Bazel Community Day – San Francisco¶
On May 23, 2023, EngFlow teamed up with Snap to organize a Bazel Community Day for the Bay Area. Over 70 people attended the event, hosted at Snap's offices in beautiful San Francisco.
The meetup started and ended with informal discussion and snacks. The main event was a series of talks.
Migrating (parts of) an Embedded Linux Distribution to Bazel - Kyle Teske (Roku)¶
Roku is in the process of migrating their embedded operating system from a home-grown Make build system to Bazel. In this talk, Kyle spoke about the challenges they encountered. They were able to generate BUILD files for some libraries automatically, but Bazel has strict requirements on dependencies, and Roku found that they needed to fix cyclic dependencies and includes of private headers.
The migration is ongoing, but Roku expects to see significantly better reliability using Bazel, together with an improvement in build time.
Bazel UX: Flags & Console Output - Ulf Adams (EngFlow)¶
Ulf Adams, the co-founder and CTO of EngFlow and one of the original authors of Bazel, shared his thoughts on the Bazel command line user experience.
In the first half of the talk, Ulf recommended reorganizing Bazel's nearly 600 flags into six categories to aid understanding and to surface flags that are frequently used.
- Debug - flags that change how Bazel displays information about what is happening during a build.
- Input - flags that change how Bazel sees the work, affecting workspace layout, what is considered source, which targets are built, and which platforms they are built for.
- Rules - language-specific flags that change Bazel's behavior for built-in rules.
- Migration - flags that support the controlled rollout of semantic changes to Bazel and its rules including changes to Starlark, the rule API, and rule semantics.
- Strategy - flag that change how Bazel executes actions including caching, sandboxing, remote execution, and test sharding.
- Meta - low-level flags that affect how Bazel works internally, mostly dealing with in-memory caches and out-of-memory errors.
In the second half of the talk, Ulf spoke about Bazel's terminal output during a build and suggested ways it could more clearly surface errors and other relevant information to users. There are many different personas and use cases for terminal output though. Ulf encouraged the audience to think about the output that's important to them and work in the Bazel open source project if it interests them.
Migrating away from rules_docker to rules_oci - Alex Eagle (Aspect)¶
Alex Eagle, the founder and co-CEO of Aspect and the maintainer of rules_oci and many other rule sets, spoke about building container images with Bazel using rules_oci. At the beginning of the talk, Alex tagged the v1.0.0 release!
rules_docker has been maintained by Google, but it has been difficult for Google engineers and for the community to keep it up to date. It relies on checked-in binaries that aren't open source, and many language-specific rules.

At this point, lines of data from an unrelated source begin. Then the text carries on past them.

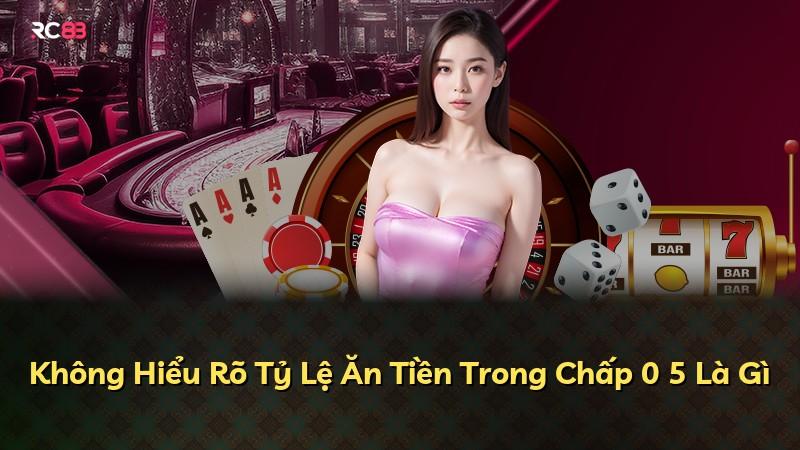 Không Hiểu Rõ Tỷ Lệ Ăn Tiền Trong Chấp 0 5 Là Gì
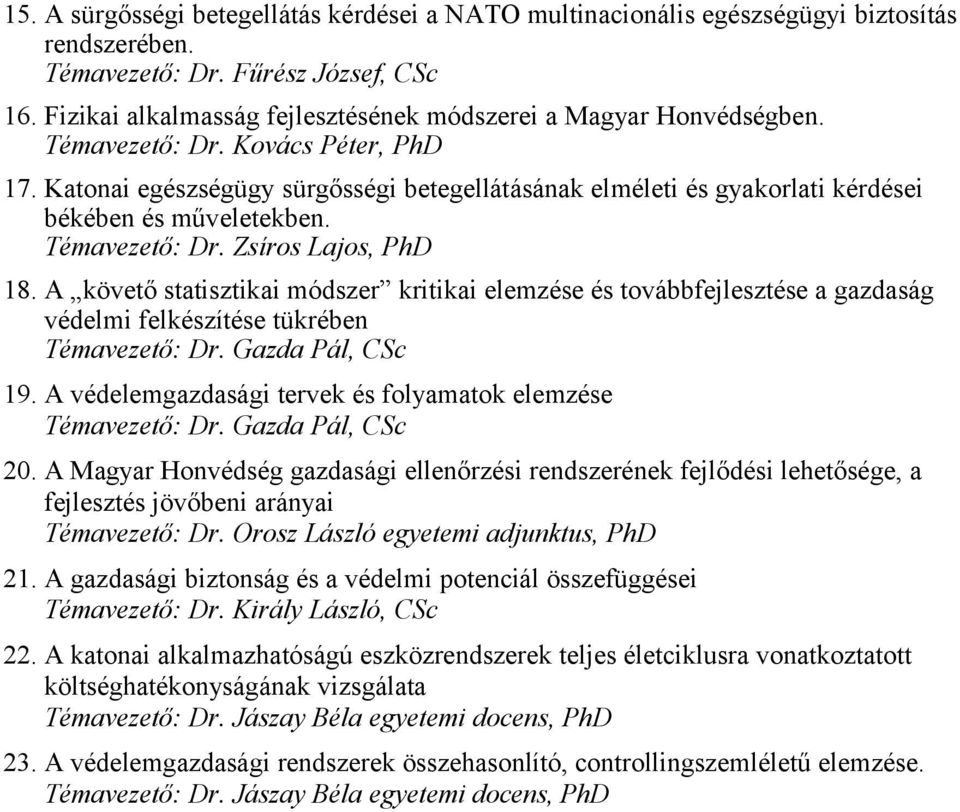 Katonai egészségügy sürgősségi betegellátásának elméleti és gyakorlati kérdései békében és műveletekben. Témavezető: Dr. Zsíros Lajos, PhD 18.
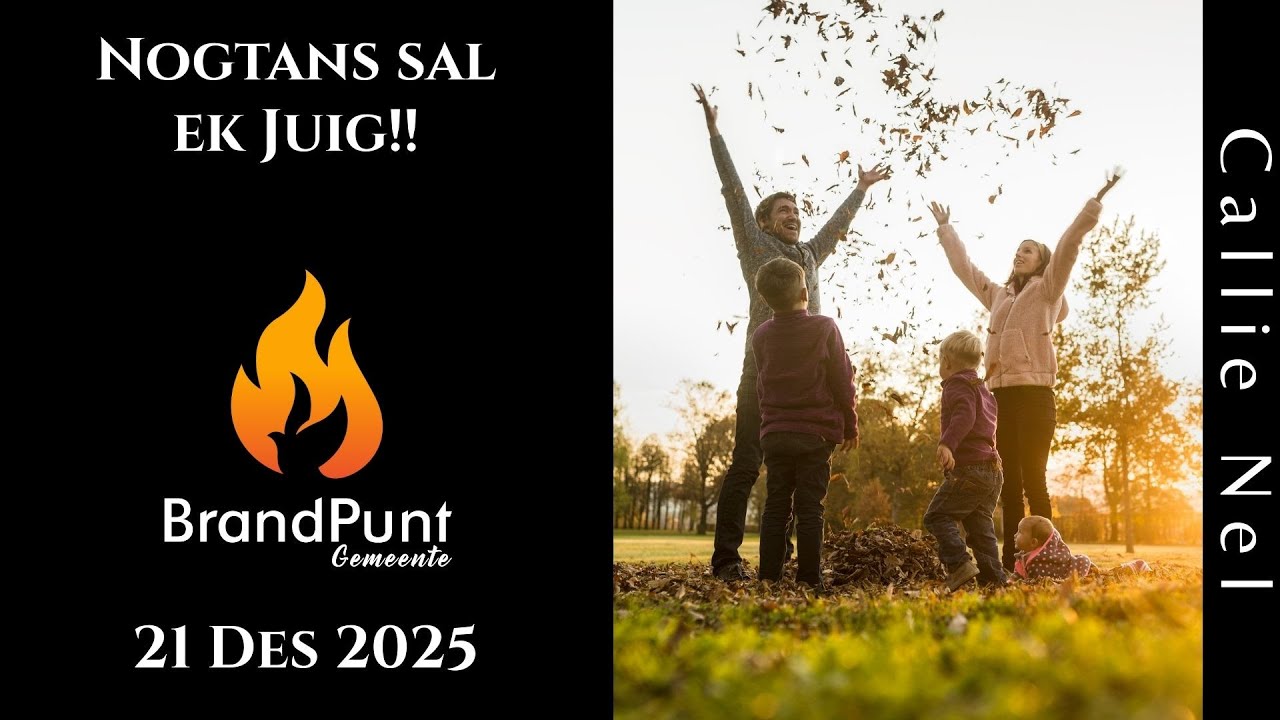 21 Desember 2025 || Callie Nel || Oggend Diens || BrandPunt Gemeente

The new rules_oci is smaller and simpler, relying on pkg_tar for building layers and on capable image manipulation tools like Crane.
Taming node_modules in RBE: Airbnb's Journey - Sharmila Jesupaul (Airbnb)¶
Sharmila Jesupaul, a software engineer at Airbnb, spoke about building and testing TypeScript code at scale using Bazel's remote execution. The team is in the process of optimizing their CI system to test a large volume of front-end code in a 15 minute time budget. Sharmila shared several techniques they used to make large actions run faster.
Packaging dependencies as tarballs and pruning unneeded files sped up type checking actions enormously from 35 minutes to 12 minutes.
Sharmila and her team found that actions still spent a significant amount of time extracting tarballs of node_modules directories. They compromised on hermeticity for the sake of speed by caching extracted directories on each remote execution worker outside the execution root. This allowed remote actions to skip extraction when an earlier action had extracted the same tarball. This sped up unit testing from 30 minutes to 22 minutes. This approach still had some drawbacks: workers' caches are lost when they are scaled down, and changes to tarballs invalidate the cache.
The last technique Sharmila shared was packaging a read-only tarball cache in the Docker image used by remote workers. This allowed even newly started worker machines to hit the cache, speeding up test times to 16 minutes.